El futuro dela democracia

No corren buenos tiempos para la democracia. Nada más hay que observar recientes acontecimientos. El asalto al Capitolio en Washington y el de los partidarios de Bolsonaro a la Plaza de los Tres Poderes de la República en Brasilia: el Palacio del Planalto (el ejecutivo), el Tribunal Supremo Federal (el judicial) y el Congreso Nacional (el legislativo), auténticas joyas de la arquitectura del siglo XX, de Oscar Niemeyer.

Por ende, parece más que justificado que nos preguntemos por el futuro de la democracia. Algo que ya hizo en 1983 Norberto Bobbio al impartir una conferencia en el Congreso de los Diputados, por invitación del entonces su presidente, Gregorio Peces Barba, bajo el título de ‘El futuro de la democracia’, que sirvió para un libro posterior con el mismo título, señalando la divergencia entre la democracia ideal tal como la pensaron sus padres fundadores y la democracia real.

Después de 40 años esa conferencia y ese libro cobran gran actualidad. ¿Por qué? Porque todo un conjunto de promesas que se habían depositado en la democracia para su perfectibilidad se han incumplido: siguen vigentes la supremacía de los intereses de los grandes poderes económicos sobre la representación política y la limitación del espacio político de la democracia; no se ha alcanzado el control de las oligarquías, ni desarrollado adecuadamente la educación política de la ciudadanía, ni han desaparecido los poderes ocultos, invisibles o salvajes.

Bobbio en repetidas ocasiones manifestó su preocupación por el problema del poder oculto, quejándose amargamente de ser una cuestión infravalorada por la sociología política. A esta última promesa incumplida, a la perdurabilidad y mantenimiento de los poderes ocultos, quiero referirme a continuación.

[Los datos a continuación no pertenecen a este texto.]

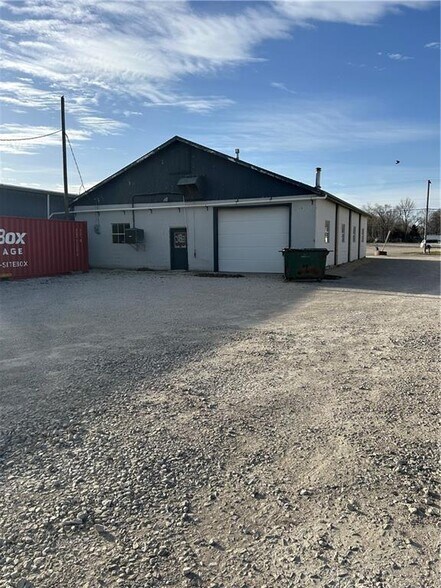 More Photos Of 313 W Wilson St, Ottawa General Retail For Sale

Todos los viejos y nuevos discursos de la democracia la definen como el gobierno de lo público en público. En contraposición al autocrático, es un poder sin máscaras. La democracia nació bajo la perspectiva de erradicar para siempre de la sociedad humana el poder invisible. La democracia moderna nos remite a la Atenas de Pericles, del Agora o de la Ekklesia, o sea, a la reunión de todos los ciudadanos en un lugar público, a la luz del sol, donde se hacen propuestas, se discuten y se decide alzando las manos o mediante pedazos de loza.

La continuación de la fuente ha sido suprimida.